Based on our current understanding of hydrographic conditions and long-term dynamics of zooplankton development, we expect spawning of copepods and euphausiids to begin in mid April in the south-western areas of the Barents Sea. Having overwintered, these groups of crustaceans, along with the warm-water species which have been transported from the Norwegian Sea, will create a zone with high density of zooplankton in north-western and western parts of the Barents Sea. In recent years a region with elevated zooplankton biomass, extending north- and southward, has been observed west of Novaja Zemlja in the Russian sector. This region had high mesozooplankton biomass during 2009-2011, albeit these levels were lower than observed during 2008. Levels again increased in 2013. This seems to be an area where herbivorous zooplankton (in certain situations or during certain years) are able to sustain viable populations and avoid excessive predation during summer and autumn, making it an important area for overwintering and re-establishing the population the following spring.

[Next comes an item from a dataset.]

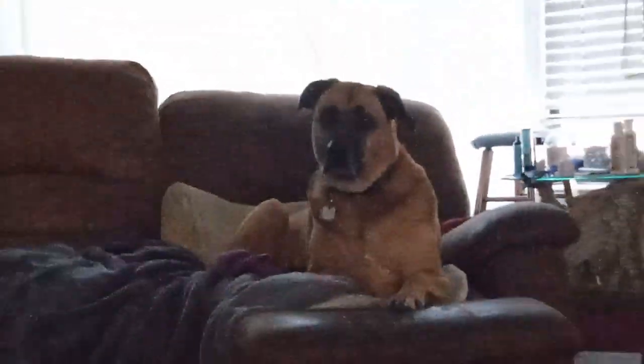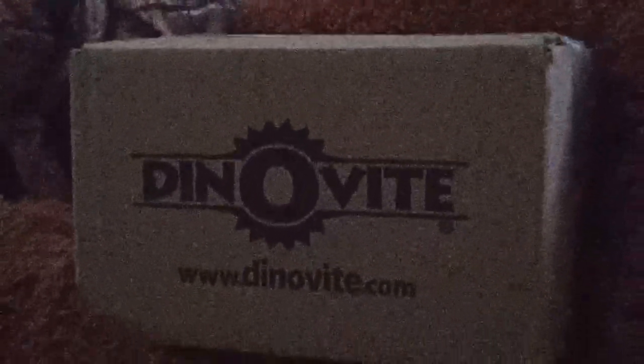Rosie got mail. Rosie, mail. Come see it. Come on. Look at that. It's your Dinovite box.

The high biomass of mesozooplankton found south to south-east of Franz Josef Land in 2009 and 2010 appears to have been reduced by 2011. During 2013, however, this region regained its high biomass, extending beyond what has been observed earlier. This was caused, in part, by an extended area of survey coverage in 2013. This area partially overlaps with distributions of capelin and polar cod in the north-eastern part of the Barents Sea, suggesting that predation from these two species on zooplankton could be large. At the time of the 2013 survey, however, 2013 the effect of such predation seemed insignificant. Relatively low zooplankton biomass in central parts of the Barents Sea appears to be a recurring phenomenon. This may result from heavy predation by capelin stock and other key 0-group fish species; gelatinous zooplankton could also be important predators. Since the central Barents Sea is among the more shallow regions, mesozooplankton there have limited potential to reduce predation through vertical migration to deeper waters.